The Chinese markets opened for the first time after a long Lunar New Year holiday, and they opened down on a set of weaker-than-expected PMI figures, on the news of 10% tariff on its exports toward Trump’s USA, and a further escalation of the trade war with the tit-for-tat measures announced yesterday from Beijing, including 15% tariffs on US coal and LNG imports and an antitrust probe into Google. But losses in the CSI 300 index remained measured, as the 10% tariffs from the US were considered as being quite modest – compared to the chatter of up to 60% tariffs, and China’s response to the US was also seen moderated. Many simply pointed out that 10% tariff could be absorbed by yuan devaluation and that Google is banned in China since 2010 for not censoring search results in accordance with Chinese government regulations.

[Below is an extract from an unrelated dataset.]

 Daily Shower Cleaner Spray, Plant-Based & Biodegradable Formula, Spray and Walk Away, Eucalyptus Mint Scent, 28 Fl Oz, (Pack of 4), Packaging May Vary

Across the Pacific Ocean, Google hit a record high yesterday regardless of the Chinese threat. Magnificent 7 saw dip buying and rebounded near 1.80%. Palantir was the star of the day with a 24% rally in its share price after announcing lot better-than-expected quarterly results and amassing rating and PT upgrades from big banks on its capacity to cash in on the AI boom. In Europe, German Infineon also jumped 10% on better-than-expected revenue forecast from the company due to favourable currency effects and recovery from car industry.
Overall, the Stoxx 600 was also better bid on Tuesday on rising confidence that the EU could negotiate trade terms with Trump and avoid tariffs. Plus, the French PM Bayrou is expected to survive a no-confidence vote today and adopt a budget plan. Such outcome would further narrow the German, French yield spread and encourage a recovery in euro’s valuation, though the upside is seen limited by the European Central Bank (ECB) doves.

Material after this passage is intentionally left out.